Het belangrijkste was natuurlijk voor goede oorbescherming te zorgen. Doppen bezit ik in alle maten en materialen, maar dat zou wel eens onvoldoende kunnen zijn. Dus besloot ik rubber lappen in een pinnemuts te monteren. Dat zou de schedelgeleiding toch al wat doen afnemen. Met een skimuts naar de zon? Moet kunnen. Uiteindelijk vond ik ook nog een heel breed haarlint in een winkel - jammer genoeg in Yasser Arafat-print - en dat leek me wel een nuttige aankoop. Thuis knipte ik repels van rubber waarvan de achterkant uit vilt bestaat (oud etalagemateriaal. Ik gooi toch nooit iets weg in t kader van De dag nadat ge het weg gedaan hebt, hebt ge t nodig), die ik naargelang de nood enkel kon gebruiken of ze driedubbel vouwen. Ik zorgde er voor dat ze onzichtbaar onder dat lint konden gefoefeld worden zodat ze mijn volledige oorschelpen afdekten.
Eigenlijk was ik eerst van plan geweest om naar een SM-winkel zon strakke rubberen kap te gaan kopen. Maar dat vond ik nu toch niet zo geestig voor mijn medepassagiers. Ge zoudt zelf toch ook niet graag naast iemand zitten waarvan enkel de ogen te zien zijn, en dan nog achter tralietjes, en waarvan de mond achter een ritssluiting schuilgaat?... Dan vind ik mijn onzichtbaar gewapende pinnemuts uit de Andes toch iets sympathieker.
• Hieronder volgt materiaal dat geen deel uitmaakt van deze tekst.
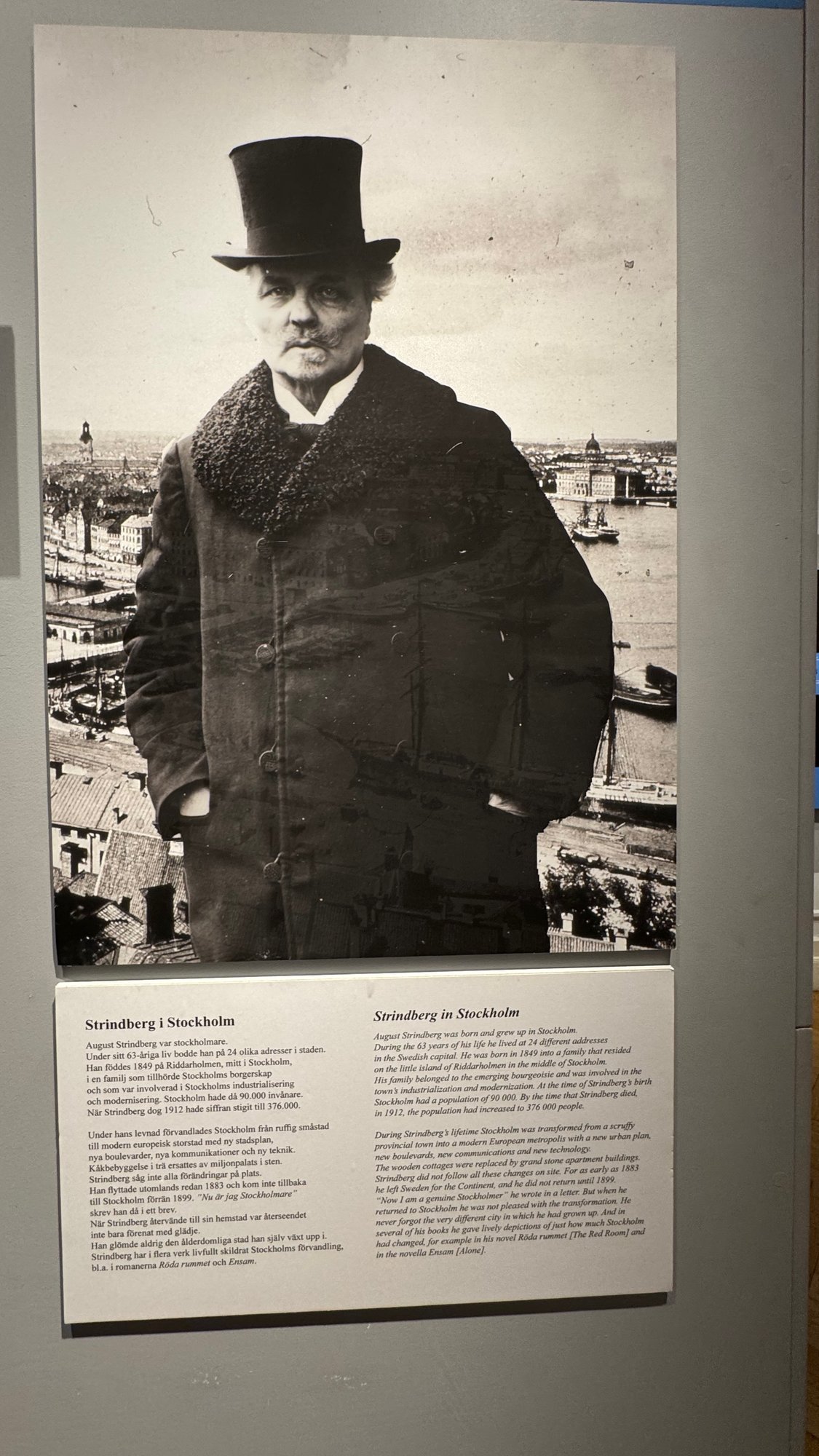 Large black and white photo of a man in a top hat and long coat on a wall, with a text panel below it.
Het was allemaal niet simpel. Ik vertrok ook niet graag. Ik was zo bang dat het vliegtuiglawaai mijn kop nog verder op hol zou doen slaan, en ik vreesde ook het moment van de waarheid waarop zou blijken of ik nog tegen het geluid van de zee zou kunnen of niet. Ooit nog snorkelen of nooit meer?...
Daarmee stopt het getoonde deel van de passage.